Minerva colse al volo l’occasione involontariamente offerta dall’amico. «Riolu, rompi quella vetrata!» urlò, riferendosi alla grande finestra dietro la scrivania della Chateau. Riolu colpì il vetro con Breccia, infrangendolo in mille pezzi, e atterrò sul ramo del grande abete nel cortile dell’Ilitia. Minerva diede un pugnetto all’amico sulla spalla sinistra, facendolo risvegliare da quella furia violenta che lo aveva colto. «Andiamo, Kai!» gli fece, balzando prima sulla scrivania e poi sul ramo, ed iniziando a scendere lungo il tronco con delle acrobazie degne di un ninja, mentre invece Riolu aspettava l’altro.

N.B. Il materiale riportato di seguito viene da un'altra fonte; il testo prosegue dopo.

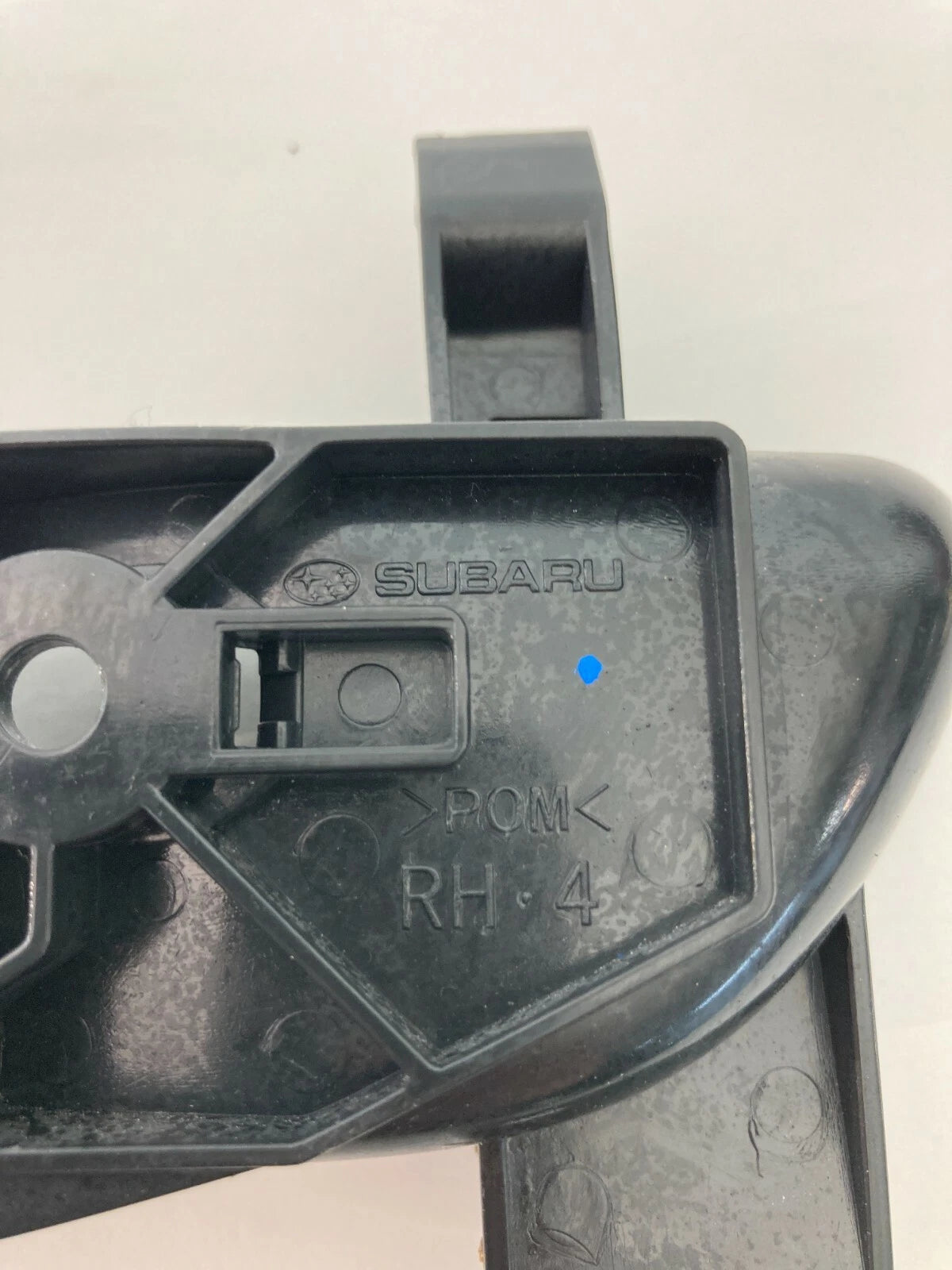 2010-2014 SUBARU OUTBACK LEGACY REAR RIGHT PASSENGER INTERIOR DOOR HANDLE OEM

Ripresosi da quello stato, Kai evitò all’ultimo secondo una manganellata di Francis con un movimento a spirale, e lo colpì con un calcio sulla gabbia toracica, sufficiente a farlo cadere a terra. Rapidamente e senza esitare, si tuffò nel vuoto, appendendosi al ramo su cui il suo Pokémon lo aspettava, e iniziando a scendere verso terra come aveva fatto Minerva.
«Kai! Minerva!» si sentirono chiamare da fuori il cortile. Appeso alla cancellata c’era un ragazzo biondo che li aspettava. «Di qua, presto!»
I due ragazzi e Riolu scavalcarono velocemente la cancellata di ferro, uscendo da quella prigione che era l’Ilitia, con l’intenzione di non farvi più ritorno. Mentre tutti e tre correvano via, il ragazzo biondo fece: «Ho sentito il terremoto mentre ero qui vicino, come avete fatto a scappare?»
«Te lo spieghiamo dopo, Percy, ora pensiamo a mettere quanta più distanza possibile tra noi e quell’inferno.» rispose Minerva.
Kai era rimasto zitto, e mentre correvano pensava a quello che era successo, a quel potere immenso che aveva sentito dentro di sé. Molto presto avrebbe saputo qualcosa che avrebbe cambiato la sua visione del mondo per tutta la vita, qualcosa che aveva a che fare con le antiche divinità di Athena.